Differential Revision: [D55930704](https://our.internmc.facebook.com/intern/diff/D55930704)
Pull Request resolved: https://github.com/pytorch/pytorch/pull/123652
Approved by: https://github.com/jerryzh168
This commit is contained in:
andrewor14
2024-04-11 14:47:40 -07:00
committed by PyTorch MergeBot
parent e4c887fbf6
commit 5c0a380bdf
9 changed files with 150 additions and 43 deletions

View File

@ -61,8 +61,12 @@ class PT2EQATTestCase(QuantizationTestCase):
**conv_kwargs,
):
super().__init__()
self.conv = conv_class(3, 3, 3, bias=has_conv_bias, **conv_kwargs)

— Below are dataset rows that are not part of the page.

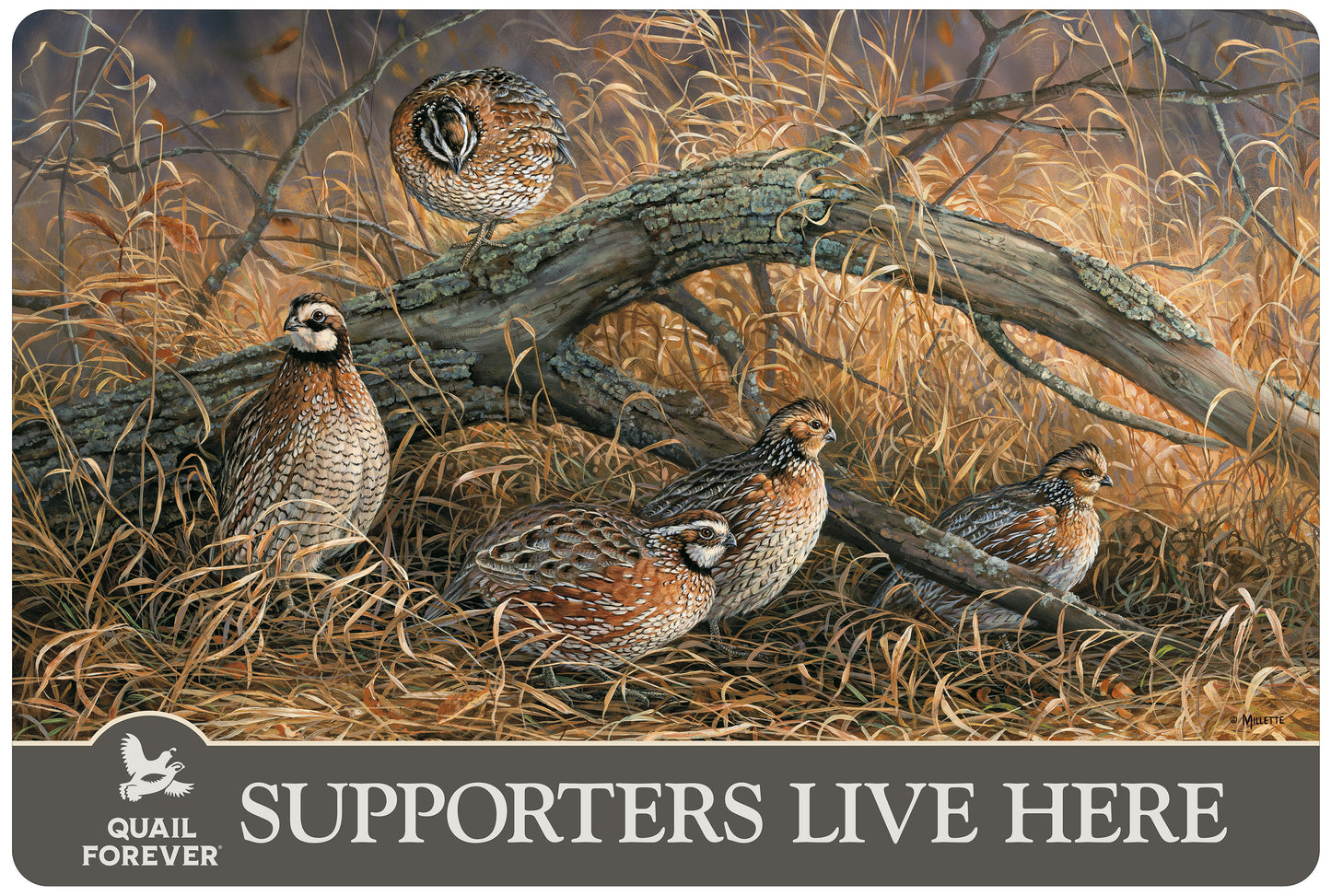 Hideaway - Bobwhite Quail - 2' x 3' Floor Mat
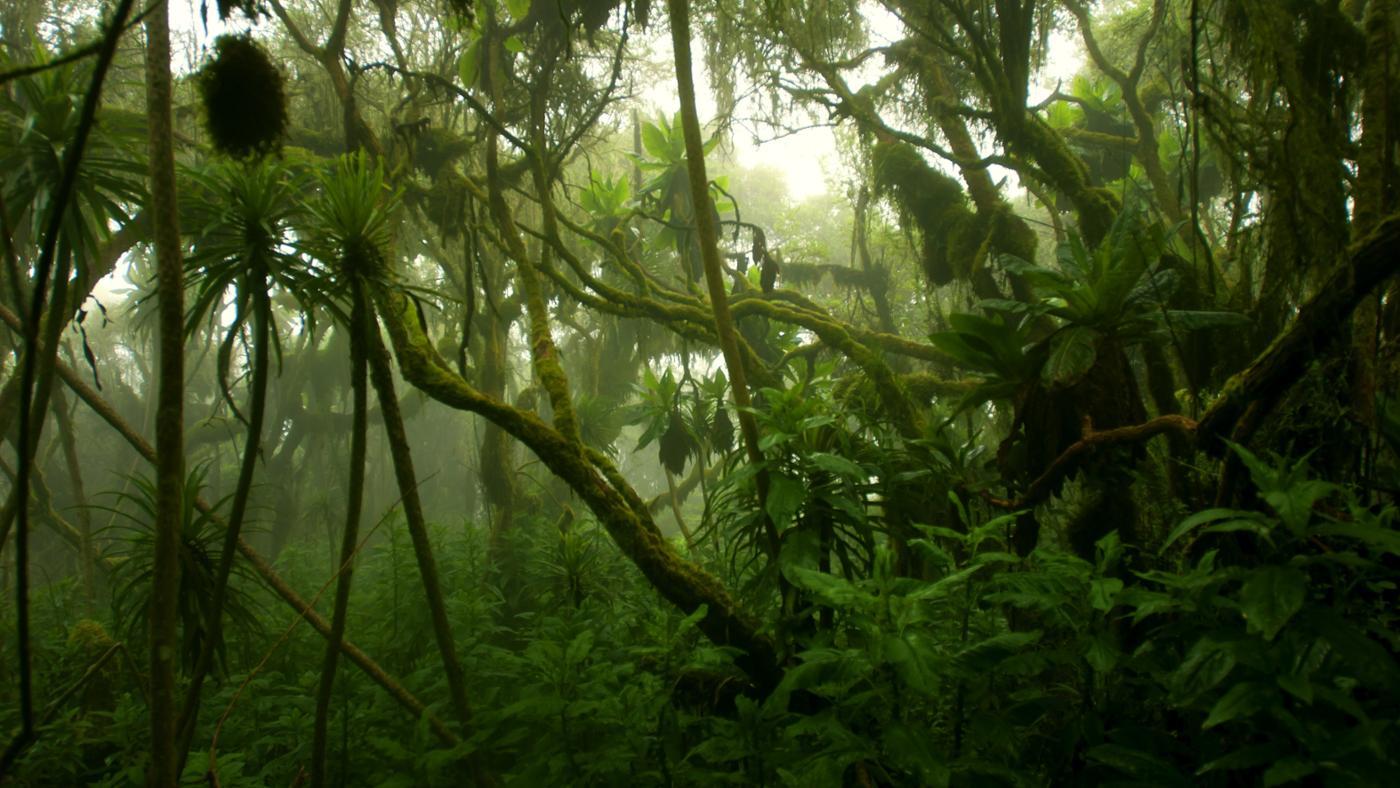 African jungle - the Congo rainforest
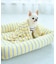 【DOG】マルチストライプひんやりブランケット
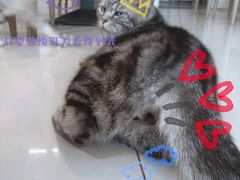 -平行世界·猫咖(首经贸店)
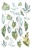 Liscie-Arkusz-nr-2.png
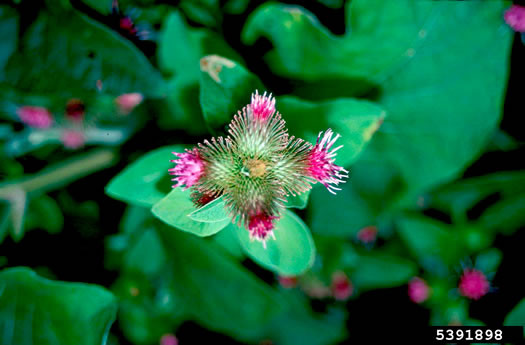 image of Arctium minus, Lesser Burdock, Common Burdock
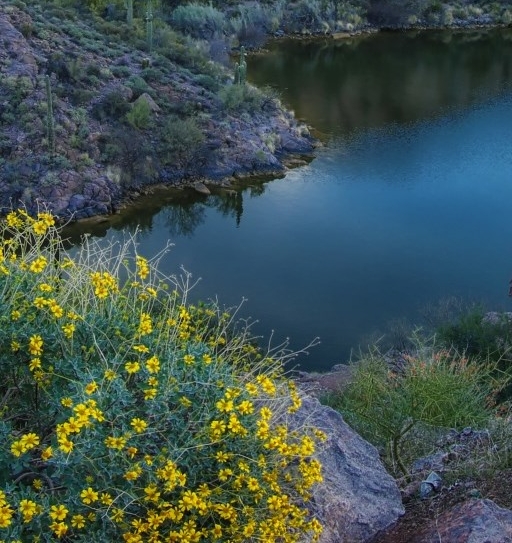 粉象生活的邀请码在哪里找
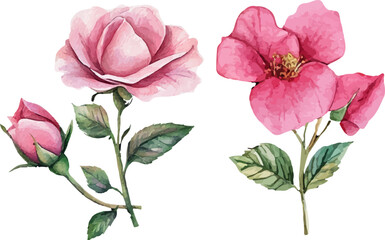 Beautiful Pink Rose in Watercolor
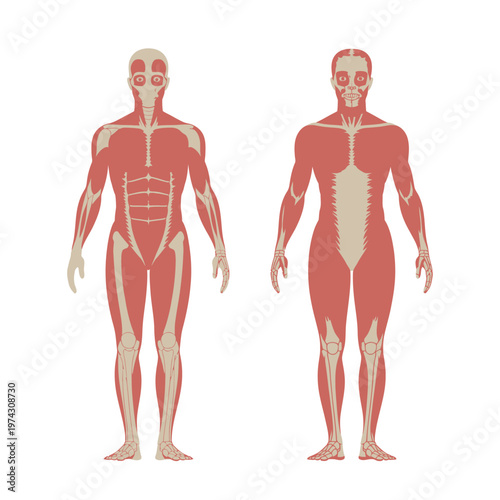 Anatomical illustration of human body muscle structure from front and back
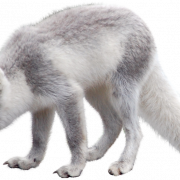 White Arctic Fox PNG Clipart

self.bn = bn_class(3) if has_bn else None
conv_kwargs.setdefault("in_channels", 3)
conv_kwargs.setdefault("out_channels", 3)
conv_kwargs.setdefault("kernel_size", 3)
conv_kwargs.setdefault("bias", has_conv_bias)
self.conv = conv_class(**conv_kwargs)
self.bn = bn_class(conv_kwargs["out_channels"]) if has_bn else None
self.relu = torch.nn.ReLU() if has_relu else None
def forward(self, x):
@ -78,6 +82,7 @@ class PT2EQATTestCase(QuantizationTestCase):
has_conv_bias: bool = True,
has_bn: bool = True,
has_relu: bool = False,
transpose: bool = False,
**conv_kwargs,
):
"""
@ -86,7 +91,7 @@ class PT2EQATTestCase(QuantizationTestCase):
conv-bn model with conv bias.
"""
return self._BaseConvBnModel(
self.conv_class,
self.conv_transpose_class if transpose else self.conv_class,
self.bn_class,
has_conv_bias,
has_bn,
@ -179,6 +184,8 @@ class PT2EQATTestCase(QuantizationTestCase):
has_bias: bool = True,
is_cuda: bool = False,
expected_conv_literal_args: Optional[Tuple[Any, ...]] = None,
# TODO: set this to true by default
verify_convert: bool = False,
):
self._verify_symmetric_xnnpack_qat_graph_helper(
m,
@ -188,6 +195,7 @@ class PT2EQATTestCase(QuantizationTestCase):
has_bias=has_bias,
is_cuda=is_cuda,
expected_conv_literal_args=expected_conv_literal_args,
verify_convert=verify_convert,
)
self._verify_symmetric_xnnpack_qat_graph_helper(
m,
@ -197,6 +205,7 @@ class PT2EQATTestCase(QuantizationTestCase):
has_bias=has_bias,
is_cuda=is_cuda,
expected_conv_literal_args=expected_conv_literal_args,
verify_convert=verify_convert,
)
def _verify_symmetric_xnnpack_qat_graph_helper(
@ -208,6 +217,7 @@ class PT2EQATTestCase(QuantizationTestCase):
has_bias: bool = True,
is_cuda: bool = False,
expected_conv_literal_args: Optional[Tuple[Any, ...]] = None,
verify_convert: bool = False,
):
"""
Verify that the graph module matches the fused QAT [conv - bn (- relu)] pattern
@ -267,6 +277,7 @@ class PT2EQATTestCase(QuantizationTestCase):
else:
div_scale_factor_node = bn_node.args[0]
(conv_node, scale_factor_reshape_node) = div_scale_factor_node.args
conv_op = conv_node.target
self.assertEqual(div_scale_factor_node.target, torch.ops.aten.div.Tensor)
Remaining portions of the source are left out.